Surviving 2004 Indian Ocean tsunami ‘profoundly transformative,’ deacon says

In this 2004 photo, Deacon Ned Berghausen is seen teaching in a classroom in Bangladesh, a country in South Asia. Deacon Berghausen survived the Indian Ocean tsunami while vacationing on Koh Phi Phi Island in Thailand Dec. 26, 2004. (Photo Special to The Record by Hanna Jung)

On the morning of Dec. 26, 2004, Deacon Ned Berghausen watched from a three-story building on Koh Phi Phi Island in Thailand as a wall of water surged to shore.

The Indian Ocean tsunami took more than 220,000 lives. As the 20th anniversary of the disaster nears, Deacon Berghausen reflects on how surviving the disaster changed him.

“It was profoundly transformative,” said Deacon Berghausen, who serves at St. Agnes Church in the Highlands. “I credit being a committed Christian and a deacon” to that experience.

Looking back, Deacon Berghausen said he realizes God was present even in that time of great suffering. He reflects often, he said, on the date of the tsunami — the feast of St. Stephen, who was the first martyr and one of the first deacons of the early church.

“The Christmas message is Emmanuel, God is with us. To follow Christmas with the feast of St. Stephen reminds us God is with us in dark times,” he said in an interview last week. “In one of the greatest natural disasters, God was there with us in the wreck and ruin. God hadn’t left us there to suffer by ourselves.”

Before the tsunami, Deacon Berghausen described himself as “agnostic,” though he attended Mass and belonged to St. William Church. At 24 years old, he was trying to find his way in the world, he said. He’d joined the Peace Corps, which sent him to Bangladesh, a country in South Asia, where he taught English to students in the sixth through 12th grade. Deacon Berghausen now teaches theology at Assumption High School. 

Ahead of Christmas in 2004, he traveled to Koh Phi Phi for a rest; he was enjoying the nightlife and meeting new friends, he said. 

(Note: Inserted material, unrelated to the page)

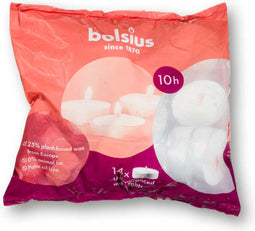 Bolsius Theelichten Wit 10 branduren 14 stuks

Then a major 9-plus magnitude earthquake struck off the coast of nearby Indonesia. As its effects radiated through the region, water surged ashore in multiple countries, engulfing the streets and sweeping away buildings, boats and people alike.  

Deacon Ned Berghausen, foreground right, is pictured helping carry a tsunami survivor to safety after the 2004 Indian Ocean tsunami struck Thailand. Deacon Berghausen survived a tsunami while vacationing on Koh Phi Phi Island in Thailand. (Photo Special to The Record by Pim Boonyarattana)

In the hours that followed, Deacon Berghausen and other tourists joined local people — many injured and separated from their loved ones — to help rescue those struggling to survive. They waded through murky thigh-high water to bring people to safety. 

He later learned that many on the small island of Koh Phi Phi died in the tsunami.   

“I am grateful to have seen the courage (of those who responded to help victims) and to see God’s work in action,” he said.

Deacon Berghausen said he was plagued by survivor’s guilt and still struggles on the anniversary of the disaster. He doesn’t believe God spared him over someone else — that he was somehow more worthy. Instead, he believes he was simply lucky. 

But he also believes “God can work through suffering and evil,” he noted.

“I don’t think God causes bad things to happen,” he said. “I can see God working in me, cracking open my heart.”

Surviving the tsunami “opened me to God’s grace,” in a way that intellectual questioning couldn’t, he said.  

Deacon Ned Berghausen taught students in a theology class at Assumption High School Dec. 13. (Record Photo by Ruby Thomas)

Even before the tsunami, Deacon Berghausen said he struggled with the suffering, caused by poverty and injustice, he witnessed in Bangladesh. 

“I was experiencing that daily, a feeling of my own powerlessness to change the suffering surrounding me,” he said. “One moment led me to prayer. I remember walking the streets of Bangladesh and a prayer came to me. ‘Walk with me, Lord.’ It felt like it came from outside of me but there was a profound sense of consolation and peace. It was OK to feel powerless. It wasn’t mine to fix.” 

Both the experience of surviving a natural disaster and experiencing the suffering of others put him on the path he’s on, he said.

“I came slowly out of those experiences with a desire to serve people and help alleviate suffering. It slowly led into the diaconate, patterned after Christ the servant, who puts himself in the lowest position,” he said.